Lors des premières ventes de diamants de l’année, le plus grand producteur du monde, De Beers, qui travaille notamment sur les marchés botswanais et sud-africain, a agressivement augmenté ses prix. Est-ce une bonne nouvelle pour les pays producteurs ?
Le conglomérat diamantaire sud-africain — pourtant installé à Luxembourg et à Londres — De Beers, du richissime Nicky Oppenheimer, a réussi l’une des augmentations de prix de diamants les plus agressives de ces dernières années.
Profitant d’une demande hors du commun pour les pierres précieuses, De Beers a augmenté les tarifs des pierres de 5 % pour les plus grosses, tandis que les diamants bruts plus petits et purs ont vu leurs prix augmenter de près de 20 %.
Globalement, l’augmentation des prix de vente est estimée à 8 % pour le total des ventes de ce début d’année. Du jamais vu. La plus grande augmentation des prix du diamant avait eu lieu en 2013 et n’avait pas dépassé les 2 %.
Le marché mondial bouleversé
De quoi confirmer, s’il le fallait, la mainmise de De Beers — possédée à 85 % par Anglo American de Nicky Oppenheimer — sur le marché diamantaire mondial. En Afrique, le conglomérat contrôle toute la chaine de production dans les deux premiers pays producteurs du continent et du monde, le Botswana et l’Afrique du Sud.
Pour les spécialistes, cette hausse des prix est sans doute temporaire. Les médias économiques estiment que De Beers ne pourrait pas entrer en guerre avec les autres producteurs concernant le prix mondial des diamants. Si la hausse des prix arrange en théorie tous les producteurs, elle risque de faire des mécontents, des concurrents de De Beers qui verraient leurs clients abandonner les grandes corporations pour des producteurs locaux plus raisonnables aux clients qui boycotteraient l’achat et pourraient même être tentés par la vente. Surtout au vu du bouleversement du marché et de ses implications financières.
Ce qui expliquerait également le silence de De Beers. C’est l’une des rares fois où les grosses ventes de diamants font la une des journaux. Et le conglomérat diamantaire aurait préféré que cette information reste confidentielle. Contactés par Reuters et Bloomberg, les représentants de De Beers ont tous refusé de commenter l’actualité du secteur.

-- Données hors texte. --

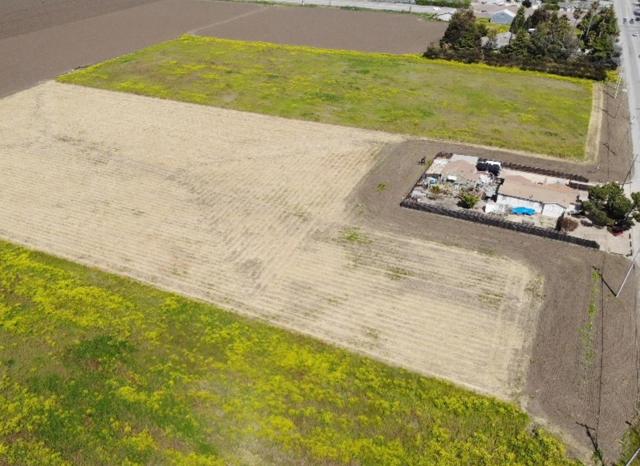 420 Santa Ana Road, Hollister CA: https://media.crmls.org/mediaz/c015a79c-3c4c-49b3-9196-3653126f2ef6.jpg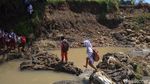 Foto: Menantang Maut! Bocah Cirebon Terobos Sungai untuk Sekolah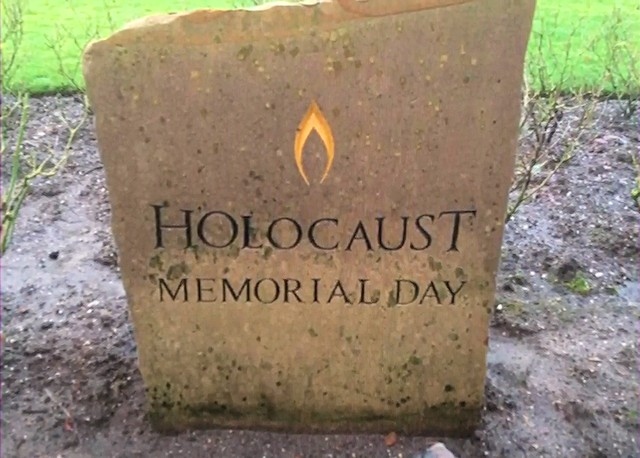 Today on #HolocaustMemorialDay we remember the 6 Million Jews and countless others who were murdered in the #Holocaust. 

#Neverforget 
#Neverforgive
#HMD2022 
#HolocaustRemembranceDay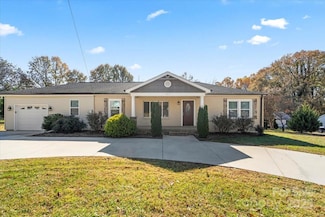 492 14th Ave NE, Hickory, NC 28601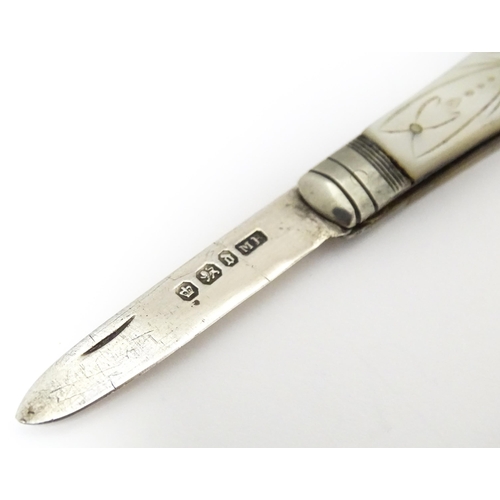 411 - A Victorian silver folding fruit knife with mother of pearl handle, hallmarked Sheffield 1896 maker ... 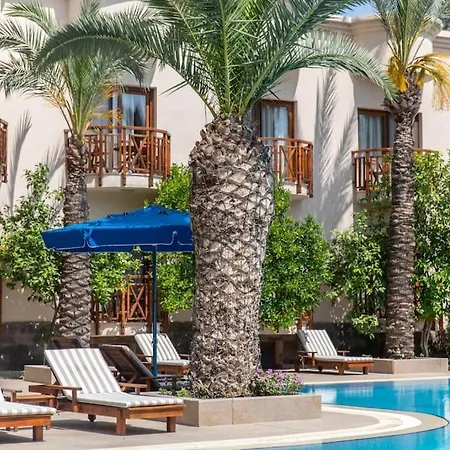 Apartment Sleeps 4, Luxury With Shared Pool - Awz 306 Bodrum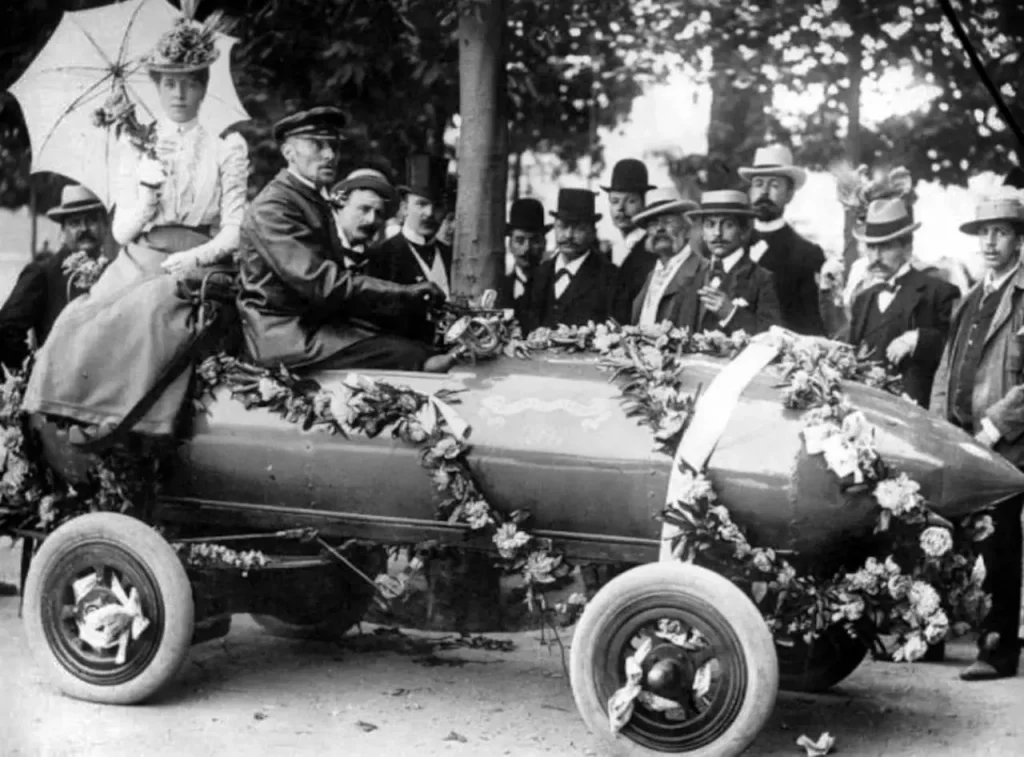 Voiture, jamais, contente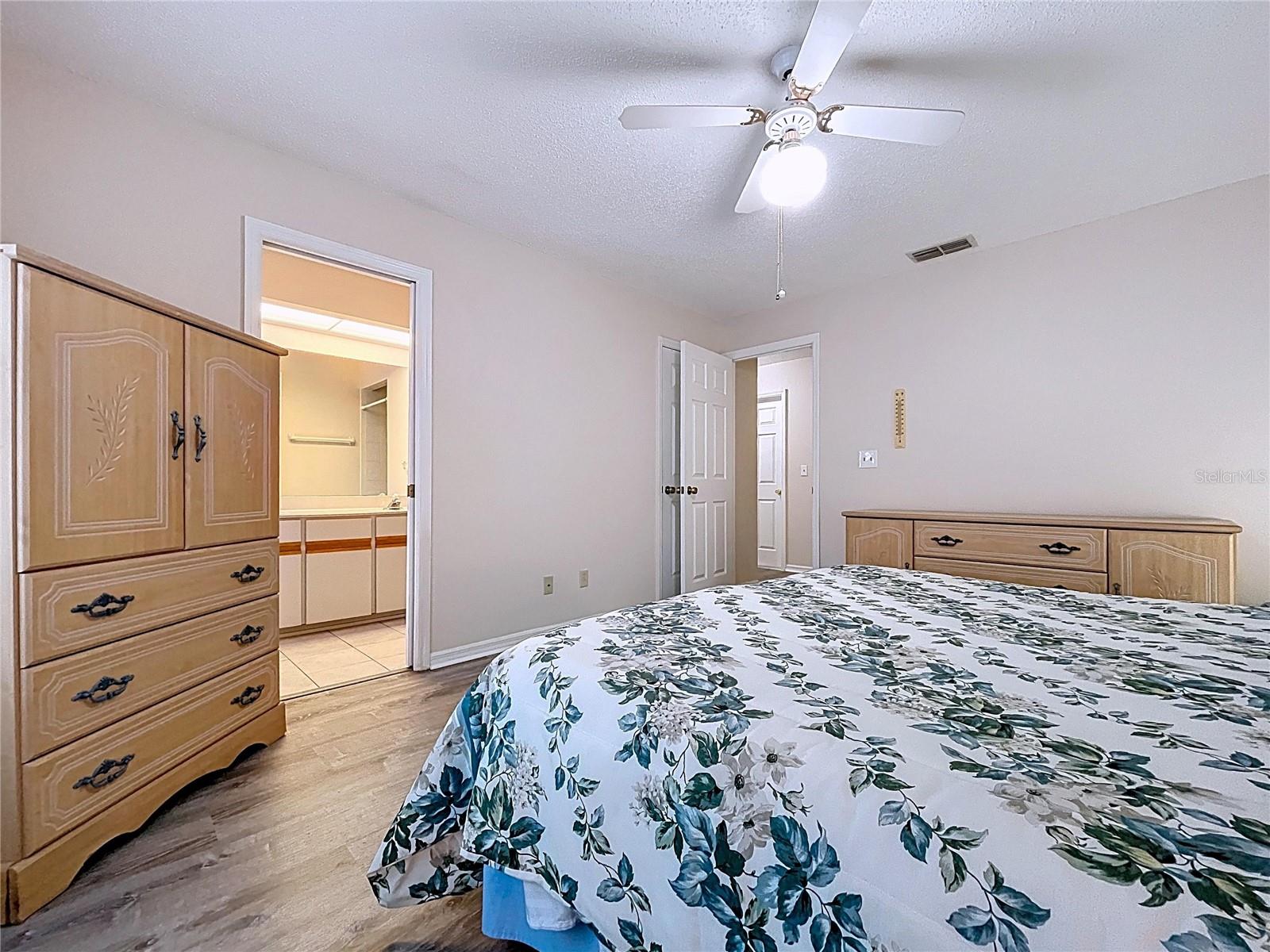 Listing photo id 42 for 12271 Katherwood Street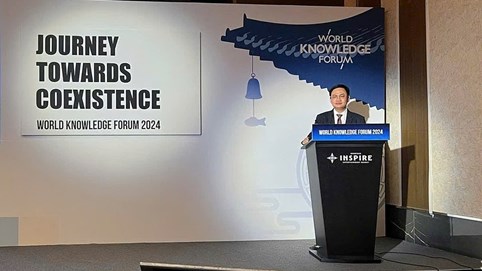 Ông Nguyễn Hồ Nam làm diễn giả tại Diễn đàn Tri thức Thế giới 2024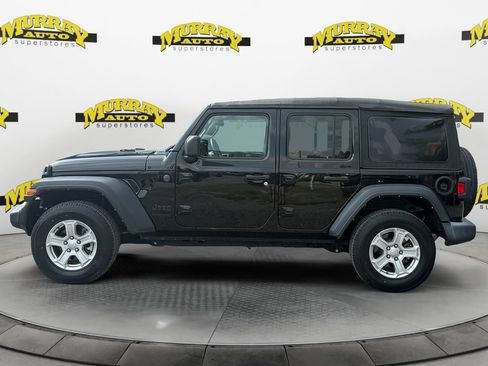 Used 2022 Jeep Wrangler Unlimited Sport AWD/4WD image 2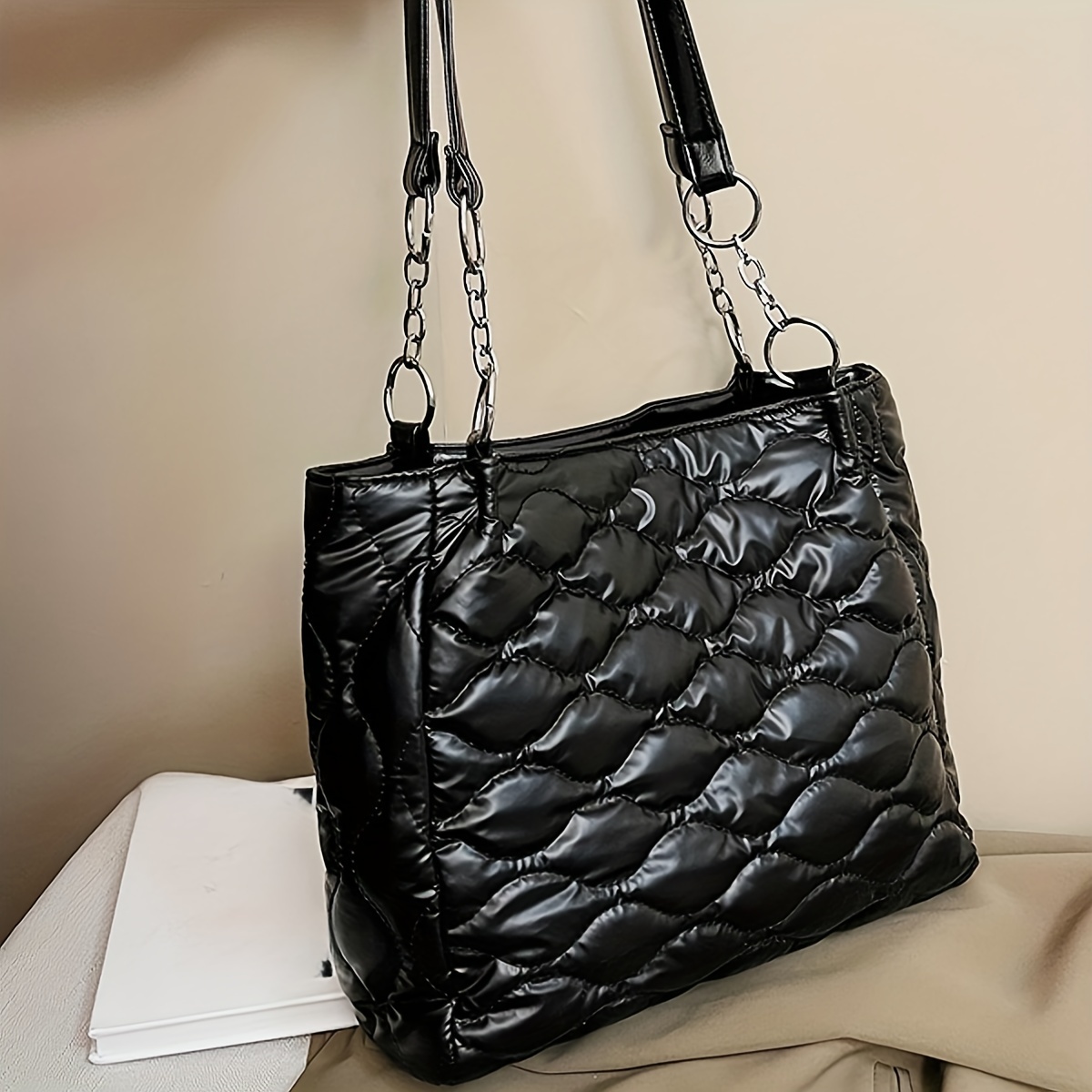 Quilted Shoulder Tote Bag Black Large Capacity Chain Strap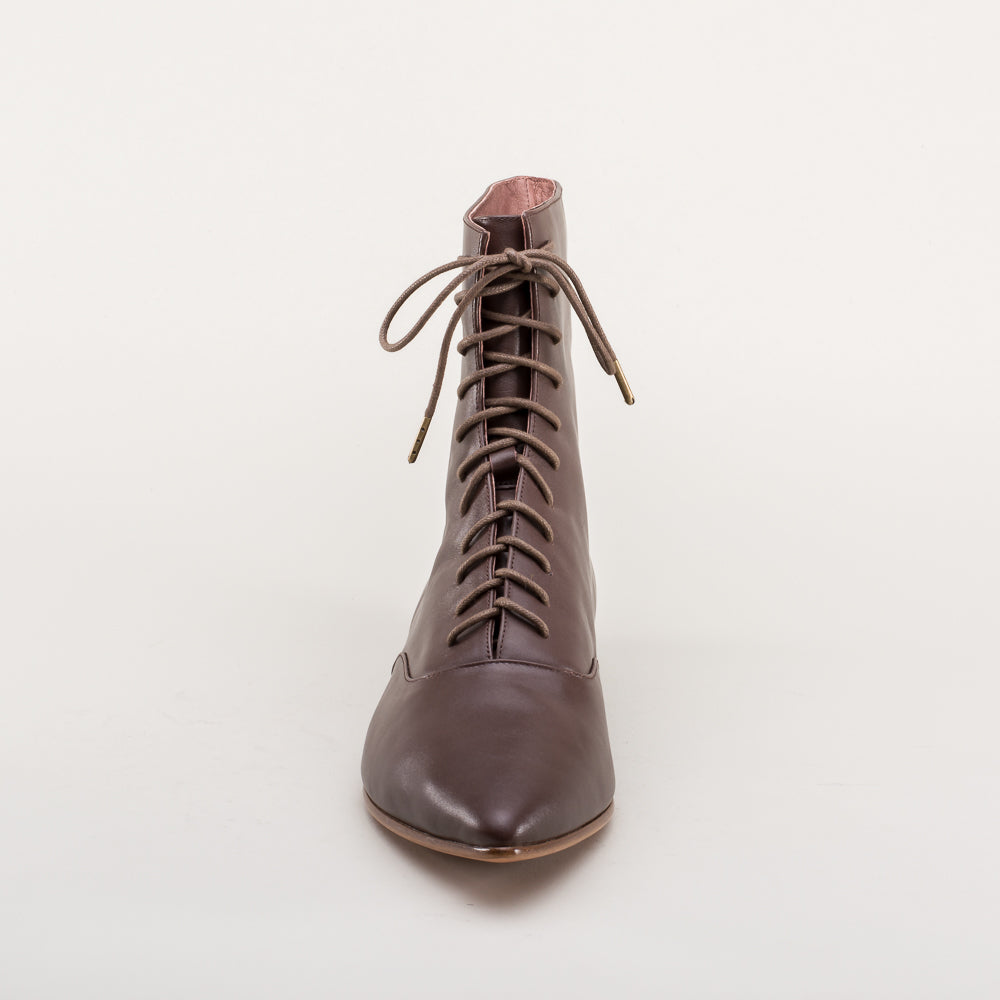 Hartfield Women's Regency Leather Boots (Brown) – American Duchess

Le Botswana, le perdant de l’histoire ?
Sur le marché des bijoux, l’augmentation des prix risque également de mettre plusieurs grandes marques dans l’incapacité de stocker. Les diamants plus petits ont eu la cote ces dernières années grâce à une offre excédentaire. Mais leur prix a fortement fléchi fin 2021.
Toutefois, les revendeurs comme Bvlgari, Cartier ou Tiffany n’ont pas les stocks nécessaires pour affronter la demande. Et la hausse des prix décidée par De Beers pourrait théoriquement les pousser à acheter au prix fort, ce qui, forcément, aurait un impact néfaste sur leurs bénéfices.
Mais les marques ne sont pas les seules à ne pas gagner au change. Au Botswana, la hausse des prix ne profite que peu à l’Etat.
Pire, si De Beers décide d’augmenter sa production, cela se fera aux dépens des réserves botswanaises. Une telle décision serait perçue par les autorités comme une provocation. D’autant que le conglomérat profite déjà un peu trop de son monopole sur l’extraction de diamants. Les pierres sont en effet souvent vendues à l’étranger, et De Beers ne paie que 15 % de taxes sur ses revenus au Botswana.